Properties of the solutions for linear system with variable coefficients Let us consider the following $2\times 2$ linear system of ODEs with variables coefficients:
$$
\dfrac{d}{dt}\left(\begin{matrix}
y_1(t)\\ y_2(t)
\end{matrix}\right)= \left( \begin{matrix} 
0 & f_{12}(t) \\ f_{21}(t) & 0 
\end{matrix}\right) \left( \begin{matrix} 
y_1(t) \\ y_2(t)
\end{matrix}\right),
$$
where $f_{12}(t),f_{21}(t):\mathbb{R}\to\mathbb{R}$ are some fixed functions. I am wondering if it is possible to prove something like, if $f_{12}$ and $f_{21}$ have some parity properties, lets say $f_{12}$ is even and $f_{21}$ is odd, then the previous system has exactly two linearly independent solutions $$
(y_1^1(t),y_2^1(t)) \quad \hbox{and} \quad (y_1^2(t),y_2^2(t)),
$$
and they enjoy some simmetry properties as well, say $y_1^1(t)$ is even and $y_2^1(t)$ is odd, or things like that. Is this always possible to do, even with other parities, for example $f_{12}$ odd and $f_{21}$ also odd? Or maybe to say that at least one of the fundamental solutions has some simmetry?
 A: Idea to try and answer: (might be a bit long for a comment)

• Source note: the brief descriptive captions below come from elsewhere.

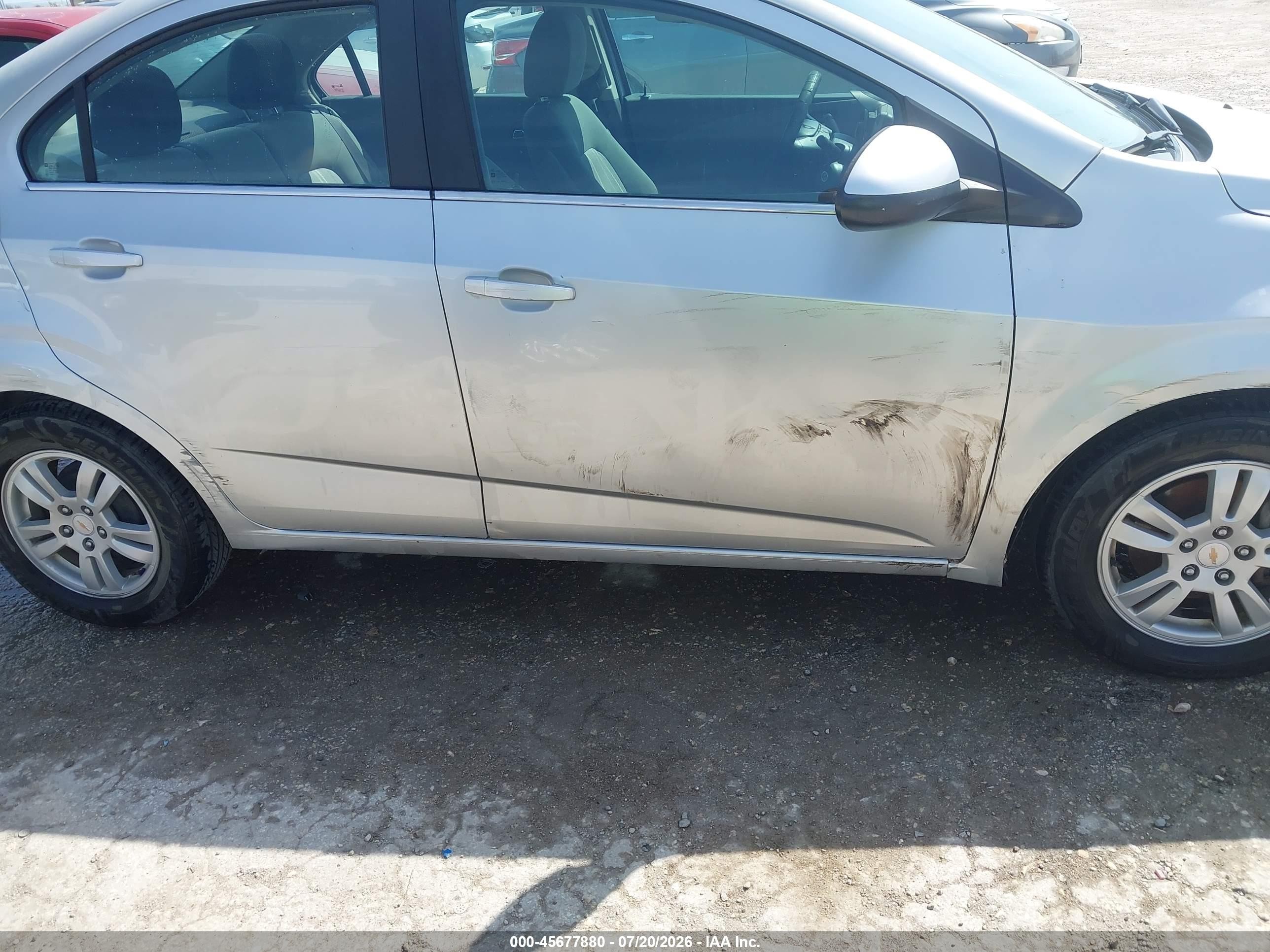 2012 Chevrolet Sonic 2lt Серебряный vin: 1G1JC5SH7C4112909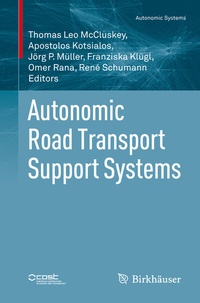 Abbildung von: Autonomic Road Transport Support Systems - Birkhäuser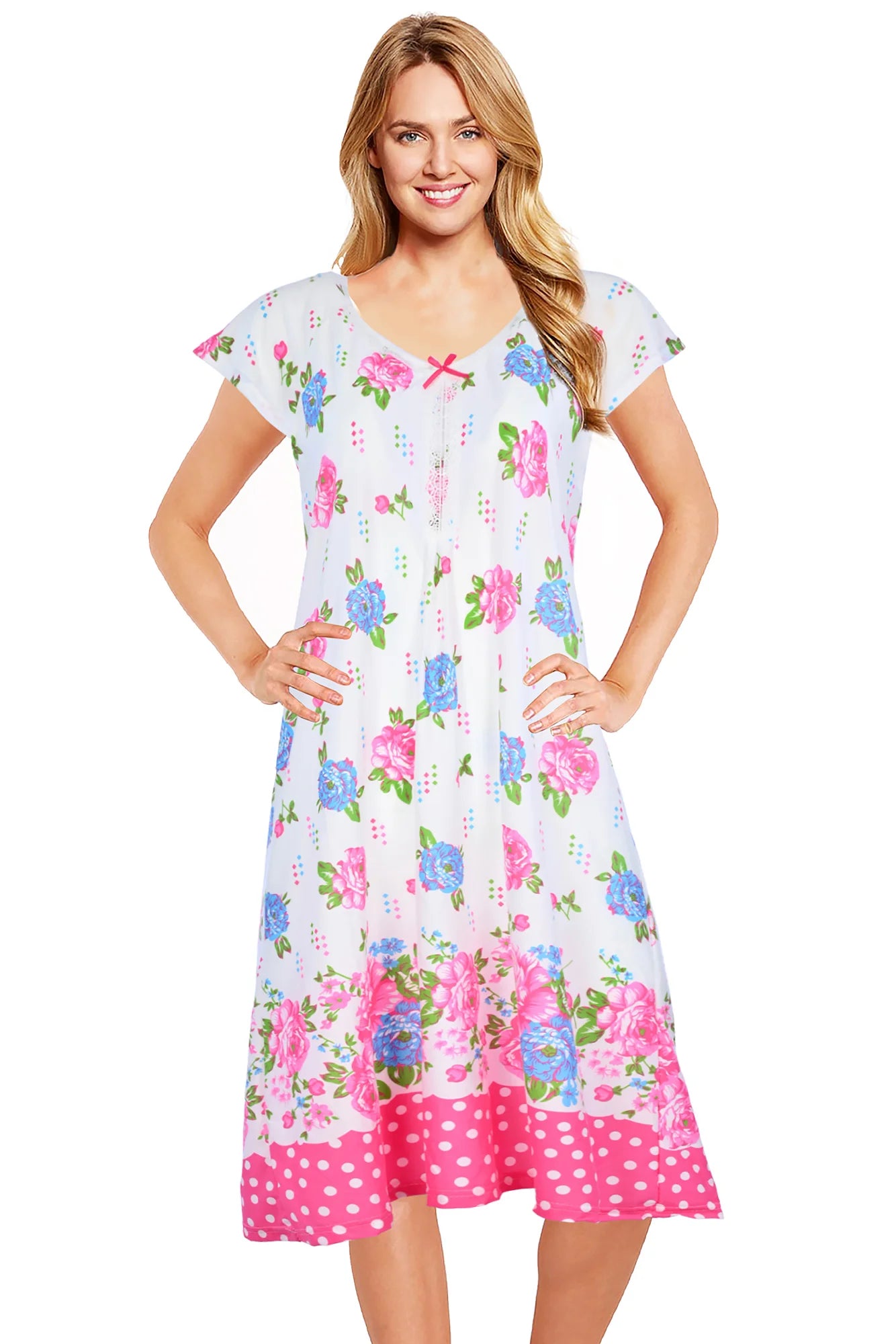JEFFRICO Womens Nightgowns Sleepwear Soft Pajama Dress Nightshirts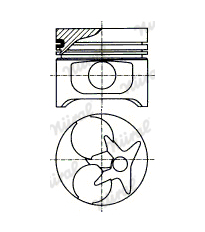 Píst NÜRAL 87-743607-20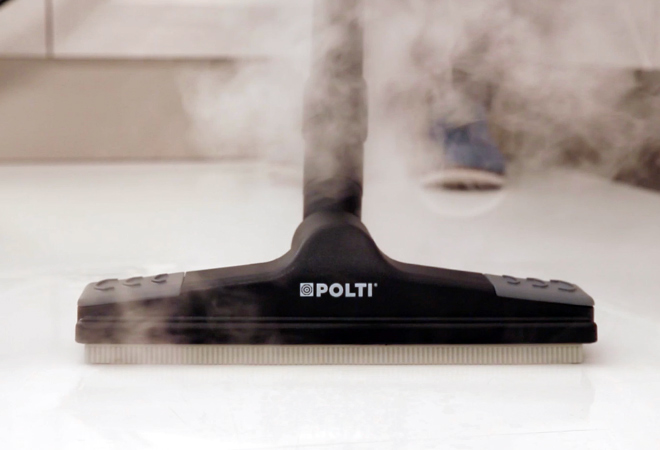 Polti Vaporetto: beseitigt bis zu 99,99%* der Viren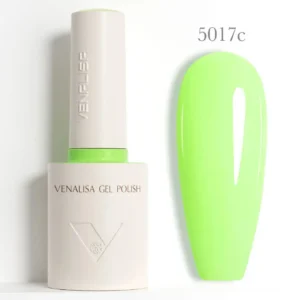 Flacon de vernis semi-permanent Venalisa Couleurs Intenses 10ml, texture crémeuse rouge vif haute couvrance, matériel professionnel pour prothésiste ongulaire disponible chez Cosminty La Réunion.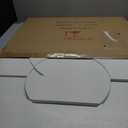 Slyart White Textured Wall Art, Handmade Abstract Plaster Wall Art Framed Artwork, 3D Minimalist White Relief Vertical Painting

The system of equations seems to be
$$\frac{d y_1}{dt}=f_{12}y_2 \\ \frac{d y_2}{dt}=f_{21}y_1$$
If you differentiate again, you can get second order linear homogeneous differential equations for each function.

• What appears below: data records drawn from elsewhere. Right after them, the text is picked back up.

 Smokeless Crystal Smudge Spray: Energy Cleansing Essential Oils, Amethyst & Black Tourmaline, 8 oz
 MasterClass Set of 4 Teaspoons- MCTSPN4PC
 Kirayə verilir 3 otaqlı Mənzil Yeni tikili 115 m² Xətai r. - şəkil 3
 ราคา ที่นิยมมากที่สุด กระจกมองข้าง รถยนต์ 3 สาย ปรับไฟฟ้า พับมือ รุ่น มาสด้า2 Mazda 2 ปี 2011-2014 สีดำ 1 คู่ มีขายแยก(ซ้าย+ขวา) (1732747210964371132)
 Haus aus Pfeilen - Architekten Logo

$$\frac{d^2 y_1}{dt^2}=\frac{1}{f_{12}}\frac{d f_{12}}{dt}\frac{d y_1}{dt}+f_{12}f_{21}y_1$$
and
$$\frac{d^2 y_2}{dt^2}=\frac{1}{f_{21}}\frac{d f_{21}}{dt}\frac{d y_2}{dt}+f_{21}f_{12}y_2$$
or in the form
$$\frac{d}{dt}\left(\frac{dy_1}{dt}\cdot \frac{1}{f_{12}}\right)=f_{21}y_1$$
$$\frac{d}{dt}\left(\frac{dy_2}{dt}\cdot \frac{1}{f_{21}}\right)=f_{12}y_2$$
Maybe consider $z_j(t)=y_j(-t)=y_j(g(t))$ with $g(t)=-t$ and trying to apply the chain to rule to see if $z_j$ satisfies a similar second order homogenous equation.
That is
$$\frac{d z_j}{dt}=\frac{d z_j}{dg}\frac{dg}{dt}=-\frac{d y_j(g)}{dg}=-f_{jk}y_k(g)=-f_{jk}z_k$$
where $j=1,2$ and $k=3-j$. Then
$$\frac{d^2 z_j}{dt^2}=-\frac{d f_{jk}}{dt}z_k-f_{jk}\frac{d z_k}{dt}=+\frac{1}{f_{jk}}\frac{d f_{jk}}{dt}\frac{d z_j}{dt}+f_{kj}f_{jk}z_j.$$
using the first relation $z_k=-\frac{1}{f_{jk}}\frac{d z_j}{dt}$ and that if $k=3-j$ then $3-k=j$.
If we compare for example
$$\frac{d^2 y_1}{dt^2}=\frac{1}{f_{12}}\frac{d f_{12}}{dt}\frac{d y_1}{dt}+f_{12}f_{21}y_1$$
$$\frac{d^2 z_1}{dt^2}=+\frac{1}{f_{12}}\frac{d f_{12}}{dt}\frac{d z_1}{dt}+f_{21}f_{12}z_1.$$
unless I've made a mistake with say the chain rule etc, that $y_j$ and $z_j$ satisfy the same differential equation, and since it's linear and homogenous, then $y_j\pm z_j$ should be solutions. That is $y_j(t)\pm y_j(-t)$ is a solution.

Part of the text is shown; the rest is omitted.